I lost count of the times we had visited it – through our childhood, teenage and youth – until we both left our hometowns for separate metropolises. There was always something new, something fascinating, to discover in that little bungalow with its large yard. A sudden, unexpected flush of yellow lilies that decided to bloom one morning; a  large, petrified cement fish that revealed itself when someone decided to clean up the broken fountain; a pattern we had not noticed before on the stunning blue mosaic of the porch; a heartbreaking crack that had developed in our absence on the exquisite sculpture of a cupid and angel locked in a timeless embrace – the one that stood in its niche at the far end of the porch.

We would wonder at the treasures that lay beyond the closed doors, or inside the locked wooden boxes and table drawers.  A bathroom window would have sprung open in the night wind, and we would stand on our toes to look at the framed posters of women in wet, transparent dresses that adorned its walls. We would giggle quietly, and talk in hushed whispers about the owner – an artist who had died long before we were born. A collector of beautiful things, a dreamer whose life, in retrospect, must have been far removed from his immediate reality.

Morandi
“The mellow, unvarying light reigning in the painting makes one wonder whether it is the morning or evening light – morning light, more likely because there is an impression of waiting -, a light that seems inside things…”

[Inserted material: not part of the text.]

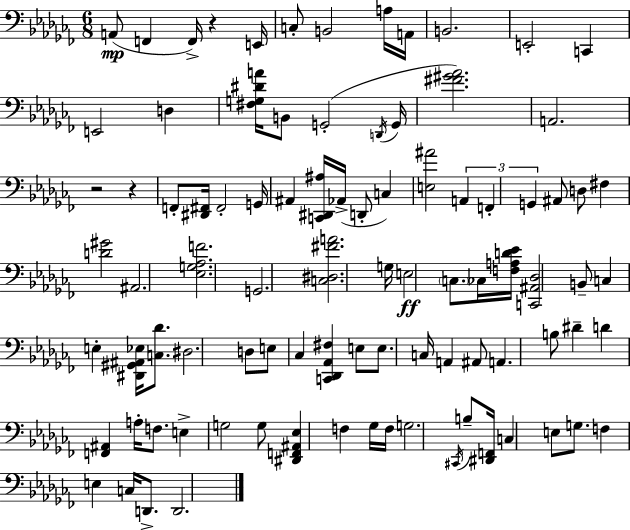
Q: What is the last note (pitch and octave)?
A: D2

It was our world, Suma’s and mine: intimate, secretive and special, and one we never tired of visiting and revisiting. Whether to walk around, our bare feet crunching the crisp dead leaves that lined the ground, talking about whatever girls talked about at that age; to sit on the dusty porch and hum popular film songs and poetry, Suma’s lovely voice lending tone and depth to my obsessively recalled lyrics; to collect a bunch of lilies that we would carefully place in the hand of the cupid, marvelling at the incredible care with which even the fingernails of the statue had been sculpted…

Or merely to breathe in the air of beauty and mystery that the place held.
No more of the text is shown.